▶ Activity: In the listing below, find the line holding "WANDIC Pappmaché-Boxen, Set" and the line holding "Смеситель для кухни". Write out those two lines and all lines between, exactly, and nothing more.

▶ Materials provided:
==*==
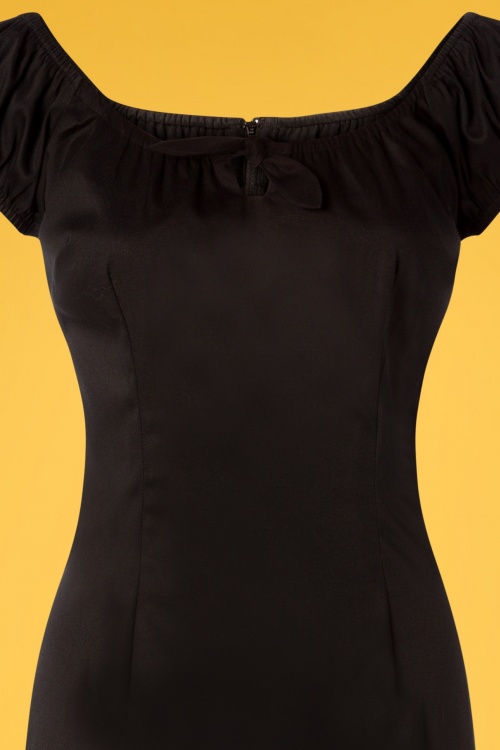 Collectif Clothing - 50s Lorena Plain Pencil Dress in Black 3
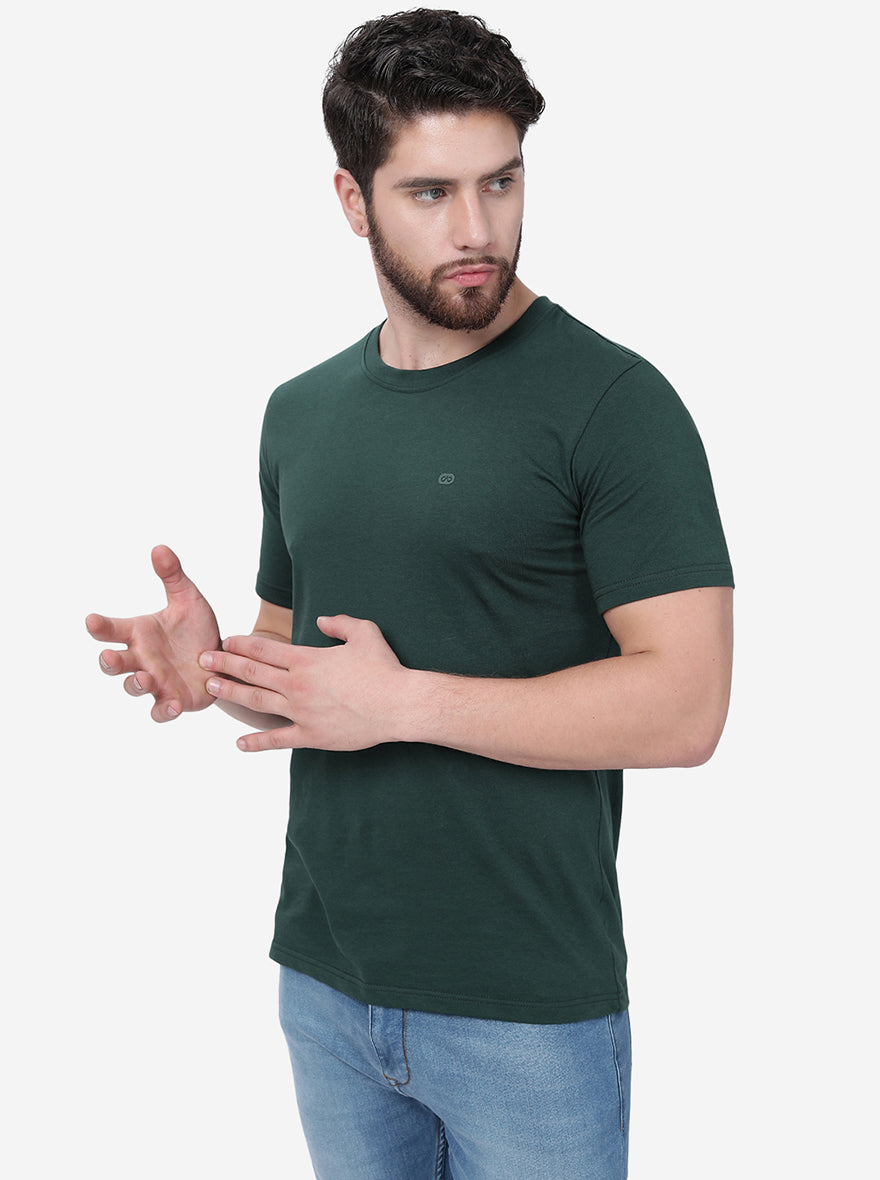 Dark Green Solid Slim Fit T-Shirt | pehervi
==*==
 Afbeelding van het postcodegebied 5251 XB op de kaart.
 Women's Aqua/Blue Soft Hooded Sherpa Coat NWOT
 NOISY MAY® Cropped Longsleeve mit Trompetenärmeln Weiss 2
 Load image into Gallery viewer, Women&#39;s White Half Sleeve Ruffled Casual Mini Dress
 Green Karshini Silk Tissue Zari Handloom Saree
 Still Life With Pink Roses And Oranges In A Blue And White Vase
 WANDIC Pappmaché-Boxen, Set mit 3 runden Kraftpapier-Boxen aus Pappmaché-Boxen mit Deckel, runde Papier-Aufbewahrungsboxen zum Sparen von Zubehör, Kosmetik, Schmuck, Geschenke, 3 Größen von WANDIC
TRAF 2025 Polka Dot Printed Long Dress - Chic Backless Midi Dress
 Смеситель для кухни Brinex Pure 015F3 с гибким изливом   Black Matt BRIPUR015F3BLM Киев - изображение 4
==*==
▶ Solved exercise:
 WANDIC Pappmaché-Boxen, Set mit 3 runden Kraftpapier-Boxen aus Pappmaché-Boxen mit Deckel, runde Papier-Aufbewahrungsboxen zum Sparen von Zubehör, Kosmetik, Schmuck, Geschenke, 3 Größen von WANDIC
TRAF 2025 Polka Dot Printed Long Dress - Chic Backless Midi Dress
 Смеситель для кухни Brinex Pure 015F3 с гибким изливом   Black Matt BRIPUR015F3BLM Киев - изображение 4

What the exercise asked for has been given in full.